WHAT IS REQUIRED: Repeat, line for line, only the span that opens at the "Шарф Polo Ralph" line and closes at the final line below. Skip the pictures.

___ INFORMATION SUPPLIED

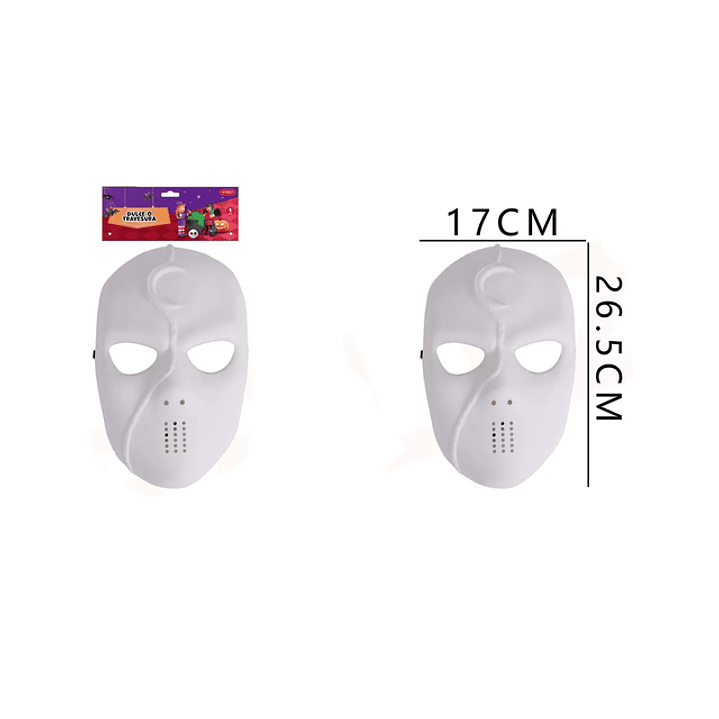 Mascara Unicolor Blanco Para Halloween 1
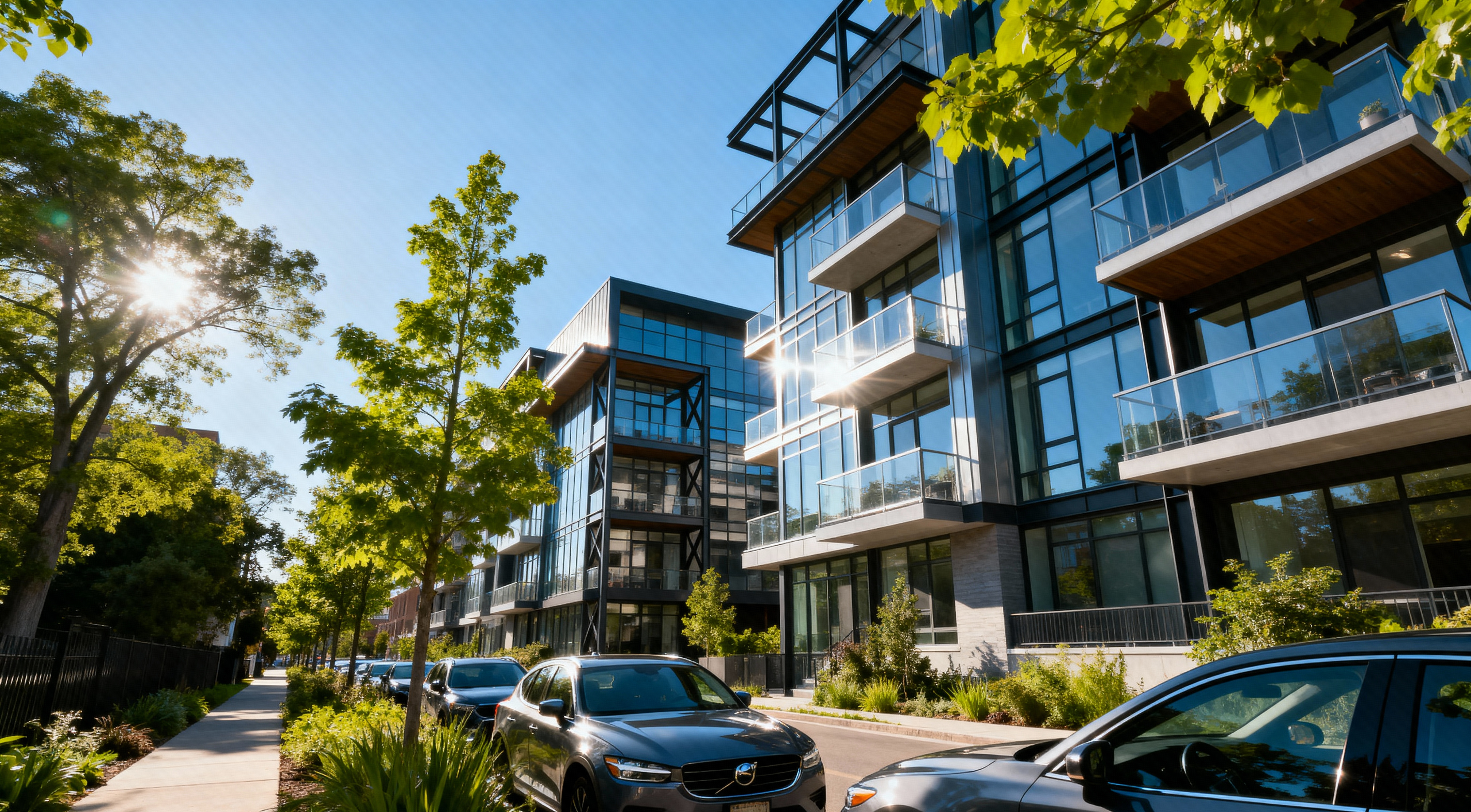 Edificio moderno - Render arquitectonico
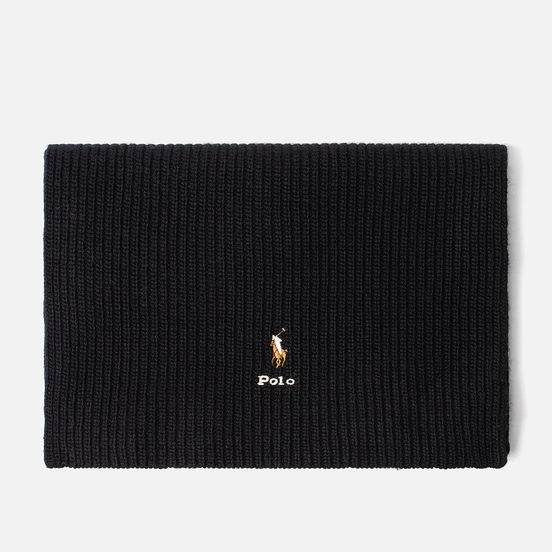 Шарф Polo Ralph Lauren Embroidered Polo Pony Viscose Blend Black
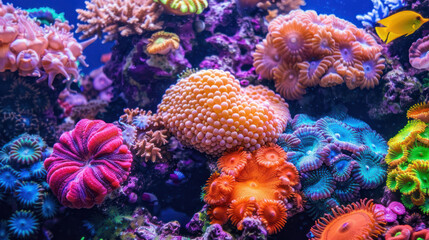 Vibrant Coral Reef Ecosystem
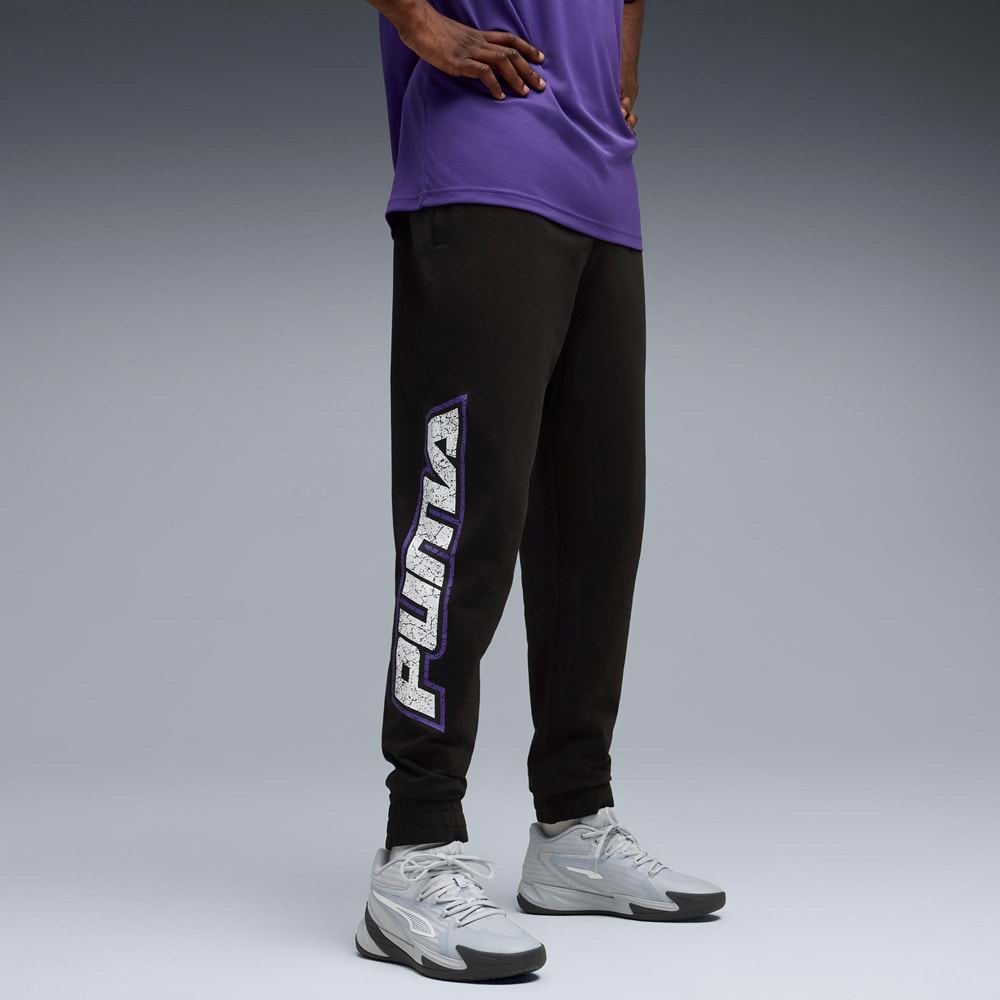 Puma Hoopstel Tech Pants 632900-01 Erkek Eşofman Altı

______

PROBLEM SOLUTION:
 Шарф Polo Ralph Lauren Embroidered Polo Pony Viscose Blend Black
 Vibrant Coral Reef Ecosystem
 Puma Hoopstel Tech Pants 632900-01 Erkek Eşofman Altı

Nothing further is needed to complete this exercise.